The data suggests a shift toward "modern microsegmentation," which focuses on identity-based controls rather than network location. These newer architectures enforce policy directly on existing network switches without requiring hardware overhauls or agents. This is particularly critical in sectors like Healthcare, where unmanaged guest devices are prevalent, and Manufacturing, where "zero-downtime" requirements make traditional intrusive security measures impossible.
## Business Impact
### For the Companies Involved
- **Elisity:** Positions itself as the modern alternative to "failed" legacy approaches, focusing on ease of deployment (weeks instead of years) and lower operational overhead.
### For Competitors
- **Legacy Vendors:** Companies relying on agent-heavy or hardware-centric segmentation (like traditional NAC or proprietary firewall vendors) face increasing pressure to modernize or risk displacement by identity-based, software-defined solutions.
### For Customers
- **Sector-Specific Relief:** Healthcare and manufacturing firms can achieve high-grade security without disrupting production lines or clinical workflows.
- **Insurance and Compliance:** Organizations can more easily meet the 32% of insurance mandates and 60% of regulatory requirements driving this technology's adoption.
### For the Market
- **Market Maturity:** The survey indicates that while the *desire* for microsegmentation is universal, the market is currently in a replacement cycle, moving away from "Phase 1" location-based tools toward "Phase 2" identity-based software solutions.
## Technical Implications
The technical shift focuses on **decoupling** security policy from network topology. Modern solutions utilize existing infrastructure (switches/routers) as enforcement points, governed by identity-informed policies.

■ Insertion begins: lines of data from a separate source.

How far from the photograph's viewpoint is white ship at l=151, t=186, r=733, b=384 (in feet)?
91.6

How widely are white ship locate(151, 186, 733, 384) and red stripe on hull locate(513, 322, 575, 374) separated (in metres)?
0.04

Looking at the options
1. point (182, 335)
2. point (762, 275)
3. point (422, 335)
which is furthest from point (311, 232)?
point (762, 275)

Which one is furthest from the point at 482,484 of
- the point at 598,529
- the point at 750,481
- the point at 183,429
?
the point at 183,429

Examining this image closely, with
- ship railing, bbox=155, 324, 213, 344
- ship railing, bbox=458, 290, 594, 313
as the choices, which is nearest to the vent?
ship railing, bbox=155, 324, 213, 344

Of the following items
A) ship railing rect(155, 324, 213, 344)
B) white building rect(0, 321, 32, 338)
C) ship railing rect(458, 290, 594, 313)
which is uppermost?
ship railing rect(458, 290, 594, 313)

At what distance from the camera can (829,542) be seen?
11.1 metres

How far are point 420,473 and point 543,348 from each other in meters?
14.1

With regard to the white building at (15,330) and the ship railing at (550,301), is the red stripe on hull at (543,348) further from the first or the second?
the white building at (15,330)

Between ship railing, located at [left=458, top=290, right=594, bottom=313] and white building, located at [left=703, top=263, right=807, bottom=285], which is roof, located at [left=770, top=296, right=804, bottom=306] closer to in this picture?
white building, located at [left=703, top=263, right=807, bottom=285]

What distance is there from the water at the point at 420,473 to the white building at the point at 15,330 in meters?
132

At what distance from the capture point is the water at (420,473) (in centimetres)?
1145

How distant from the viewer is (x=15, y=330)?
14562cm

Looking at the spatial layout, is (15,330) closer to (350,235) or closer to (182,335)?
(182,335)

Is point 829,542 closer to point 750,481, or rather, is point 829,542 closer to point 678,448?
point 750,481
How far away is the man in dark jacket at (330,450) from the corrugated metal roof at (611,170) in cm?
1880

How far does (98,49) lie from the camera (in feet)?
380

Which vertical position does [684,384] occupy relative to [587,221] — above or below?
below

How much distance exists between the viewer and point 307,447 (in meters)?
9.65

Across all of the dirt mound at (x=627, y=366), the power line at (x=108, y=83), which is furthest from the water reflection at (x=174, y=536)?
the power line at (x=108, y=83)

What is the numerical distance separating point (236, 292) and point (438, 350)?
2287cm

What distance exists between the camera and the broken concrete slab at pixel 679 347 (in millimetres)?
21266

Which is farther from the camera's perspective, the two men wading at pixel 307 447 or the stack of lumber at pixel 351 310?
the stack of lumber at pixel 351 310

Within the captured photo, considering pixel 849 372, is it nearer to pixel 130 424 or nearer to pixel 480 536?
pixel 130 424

This eliminates the need for complex VLAN re-architecting and the "agent-bloat" that often crashes legacy OT (Operational Technology) or medical devices.
## Strategic Analysis
- **Market Positioning:** Elisity is positioning microsegmentation not just as a security tool, but as a "business enabler" that allows for rapid digital transformation without increasing the attack surface.

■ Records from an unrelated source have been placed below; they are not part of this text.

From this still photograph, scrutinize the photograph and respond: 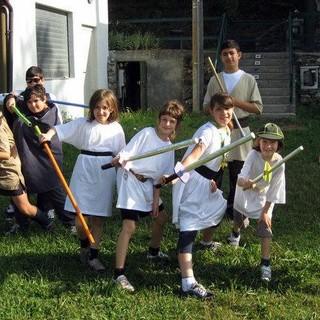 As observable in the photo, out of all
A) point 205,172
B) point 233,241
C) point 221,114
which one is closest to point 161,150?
point 205,172

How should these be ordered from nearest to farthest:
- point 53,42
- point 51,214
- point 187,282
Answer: point 187,282 < point 51,214 < point 53,42

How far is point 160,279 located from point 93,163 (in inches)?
37.9

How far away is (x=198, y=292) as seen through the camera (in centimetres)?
414

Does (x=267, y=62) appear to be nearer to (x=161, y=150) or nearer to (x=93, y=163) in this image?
(x=93, y=163)

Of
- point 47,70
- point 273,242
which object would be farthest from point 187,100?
point 273,242

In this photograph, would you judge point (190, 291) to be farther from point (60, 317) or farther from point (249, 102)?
point (249, 102)

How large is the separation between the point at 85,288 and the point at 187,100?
31.2 feet

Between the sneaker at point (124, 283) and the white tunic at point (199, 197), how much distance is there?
0.52 meters

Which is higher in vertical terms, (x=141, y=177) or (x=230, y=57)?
(x=230, y=57)

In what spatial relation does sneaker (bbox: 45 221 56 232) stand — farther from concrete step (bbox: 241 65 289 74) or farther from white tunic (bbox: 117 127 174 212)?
concrete step (bbox: 241 65 289 74)

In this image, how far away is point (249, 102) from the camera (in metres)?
5.44

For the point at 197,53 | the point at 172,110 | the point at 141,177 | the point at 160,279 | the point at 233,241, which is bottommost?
the point at 160,279

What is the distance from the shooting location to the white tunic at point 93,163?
15.0ft

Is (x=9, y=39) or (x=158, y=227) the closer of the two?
(x=158, y=227) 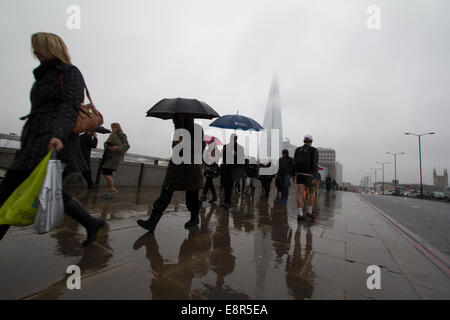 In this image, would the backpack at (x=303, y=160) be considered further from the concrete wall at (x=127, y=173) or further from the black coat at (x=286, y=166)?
the concrete wall at (x=127, y=173)

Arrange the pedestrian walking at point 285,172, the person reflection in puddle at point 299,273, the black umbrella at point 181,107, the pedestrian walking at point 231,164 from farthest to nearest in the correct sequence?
1. the pedestrian walking at point 285,172
2. the pedestrian walking at point 231,164
3. the black umbrella at point 181,107
4. the person reflection in puddle at point 299,273

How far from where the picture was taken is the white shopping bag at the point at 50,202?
4.73 ft

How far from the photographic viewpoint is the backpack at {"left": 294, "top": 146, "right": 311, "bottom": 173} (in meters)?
4.47

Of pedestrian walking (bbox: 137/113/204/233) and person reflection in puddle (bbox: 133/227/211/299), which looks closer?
person reflection in puddle (bbox: 133/227/211/299)

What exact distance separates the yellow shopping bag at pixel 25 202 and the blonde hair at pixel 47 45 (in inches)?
37.4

- **Competitive Advantage:** The primary advantage lies in **deployment velocity**. The ability to secure IT, IoT, and OT environments simultaneously without downtime is a significant differentiator.
- **Challenges:** The "hand-on experience" gap remains a risk; only 22% of professionals have worked with modern identity-based tools, meaning vendor success depends heavily on education and proving ease-of-use claims.
## Industry Reactions
- **Omdia (Hollie Hennessy):** Notes that the "shift is on," as enterprises move toward solutions they perceive as easier and more effective than those from five years ago.
- **CISO Perspective (Shaw Industries):** Highlights the move toward an "assumed breach" mentality, where automated lateral movement prevention is the last line of defense for plant operations.
## Future Outlook
- **Standardization of Zero Trust:** Expect microsegmentation to move from a "planned priority" to a "deployed reality" as organizations finalize their Zero Trust architectures over the next 18–24 months.
- **Convergence:** Watch for increased integration between microsegmentation platforms and existing SIEM/EDR/SOAR stacks, especially in healthcare.
## For Security Professionals
Practitioners should evaluate their current segmentation projects against the "identity-based" benchmark. If a project requires extensive hardware upgrades or manual ACL management, it may be a legacy approach destined for the 90% "shortfall" category. Focusing on visibility—cited by 44% as the top shortfall—should be the immediate prerequisite to any segmentation rollout.